_DATA EXCERPTS_
┌────────

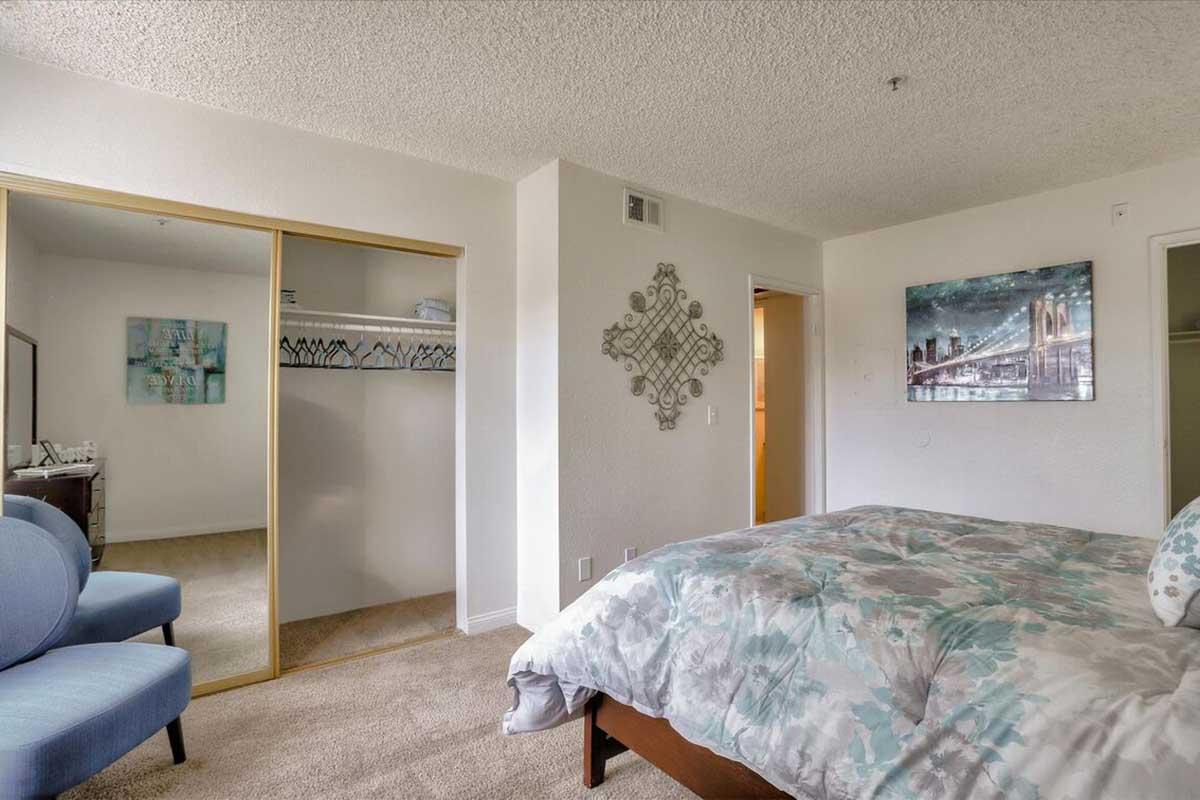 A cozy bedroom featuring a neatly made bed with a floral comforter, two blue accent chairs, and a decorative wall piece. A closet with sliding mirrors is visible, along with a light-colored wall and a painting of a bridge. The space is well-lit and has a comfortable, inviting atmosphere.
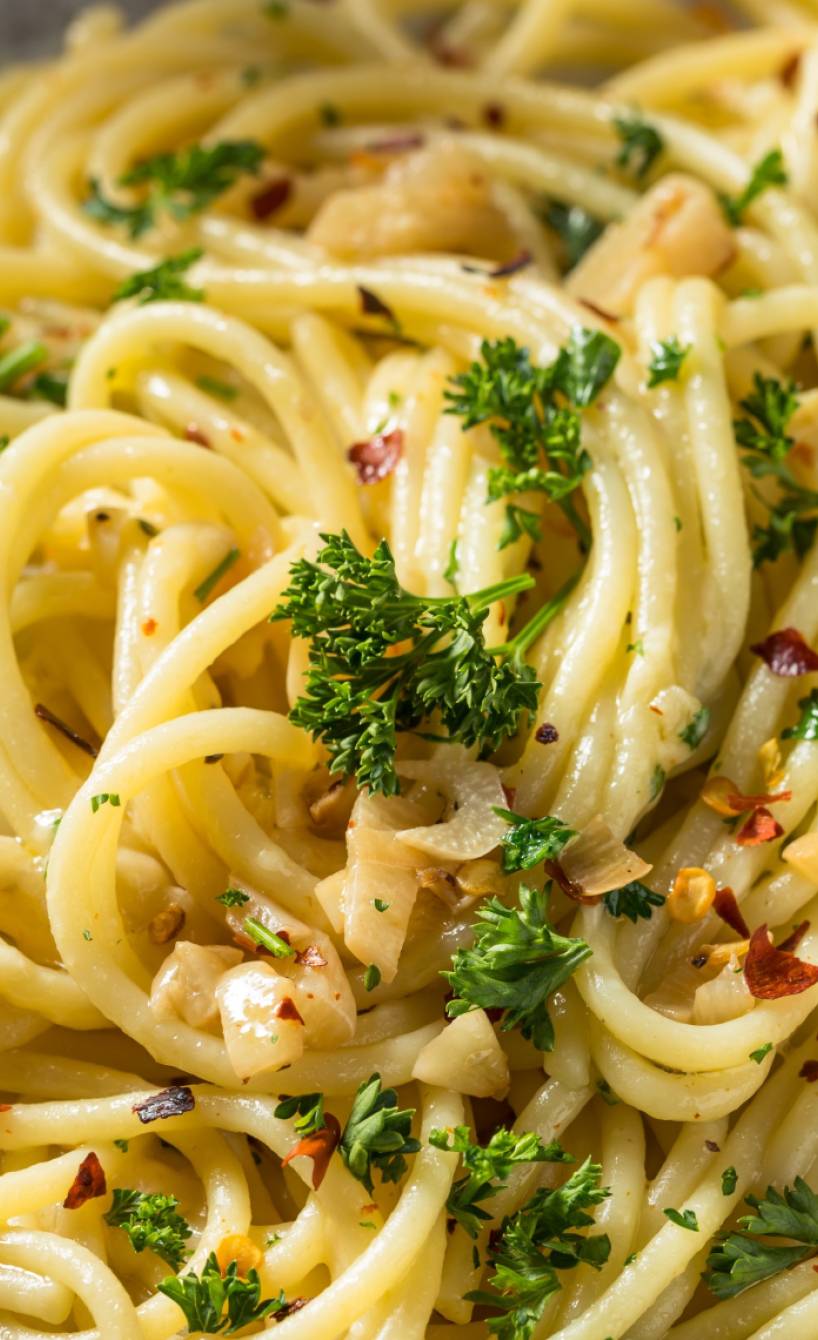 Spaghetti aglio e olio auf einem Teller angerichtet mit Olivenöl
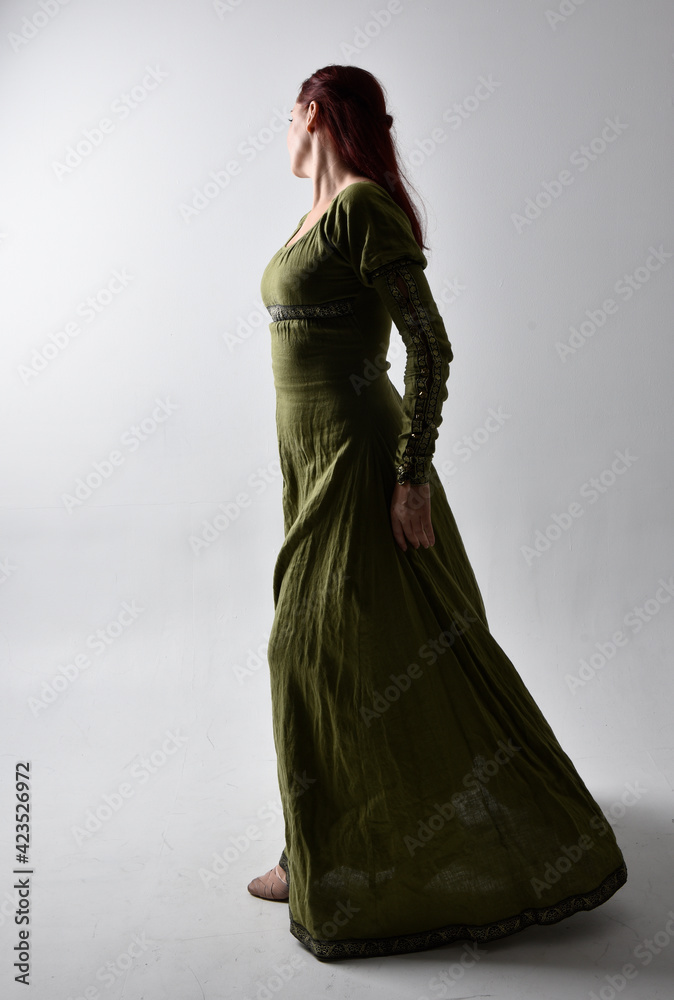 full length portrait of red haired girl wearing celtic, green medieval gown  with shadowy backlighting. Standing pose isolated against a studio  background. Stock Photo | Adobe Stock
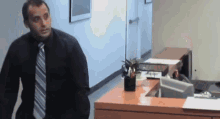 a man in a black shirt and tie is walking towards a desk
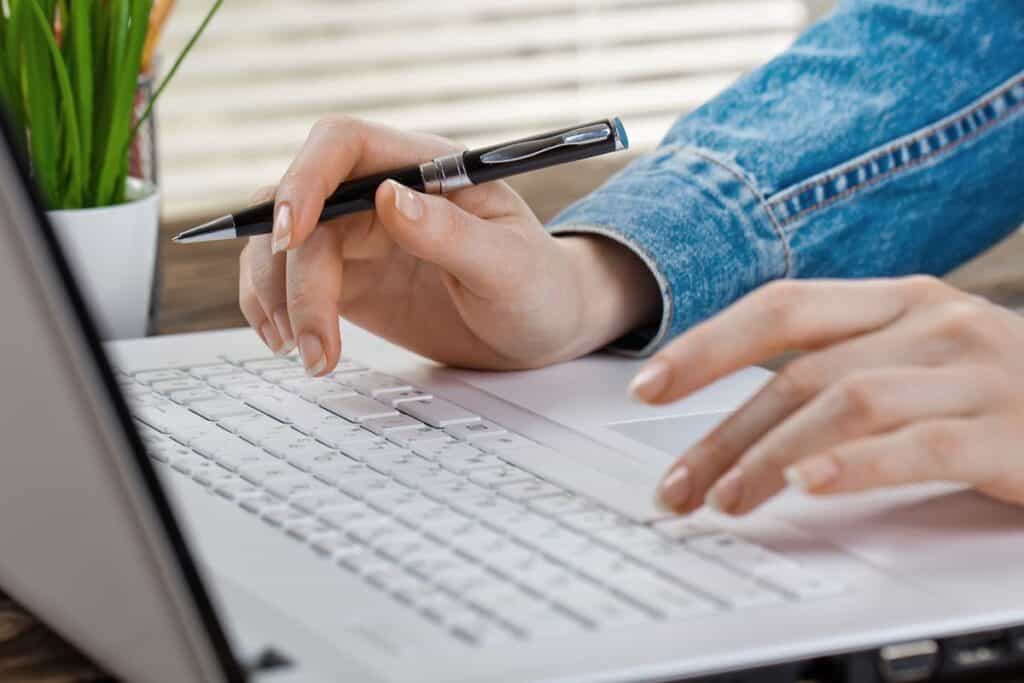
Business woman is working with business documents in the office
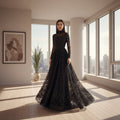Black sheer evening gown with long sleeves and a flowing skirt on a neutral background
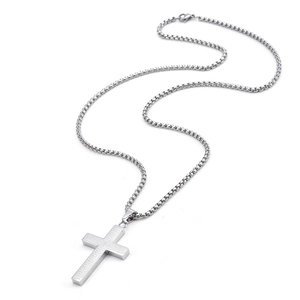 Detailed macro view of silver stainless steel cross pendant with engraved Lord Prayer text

└────────
┌────────

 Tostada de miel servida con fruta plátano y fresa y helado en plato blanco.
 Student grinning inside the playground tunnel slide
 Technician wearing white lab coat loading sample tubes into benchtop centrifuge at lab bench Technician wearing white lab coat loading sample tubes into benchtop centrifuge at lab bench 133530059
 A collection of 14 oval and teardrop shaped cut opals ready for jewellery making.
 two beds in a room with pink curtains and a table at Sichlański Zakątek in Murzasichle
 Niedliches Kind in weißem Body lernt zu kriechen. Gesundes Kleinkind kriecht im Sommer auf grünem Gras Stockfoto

└────────

Among the records above, locate the line containing "Spaghetti aglio e" and the line containing "Detailed macro view", then transcribe exactly the lines starting at the first and ending at the second, with no pictures.

 Spaghetti aglio e olio auf einem Teller angerichtet mit Olivenöl
 full length portrait of red haired girl wearing celtic, green medieval gown  with shadowy backlighting. Standing pose isolated against a studio  background. Stock Photo | Adobe Stock
 a man in a black shirt and tie is walking towards a desk
Business woman is working with business documents in the office
Black sheer evening gown with long sleeves and a flowing skirt on a neutral background
 Detailed macro view of silver stainless steel cross pendant with engraved Lord Prayer text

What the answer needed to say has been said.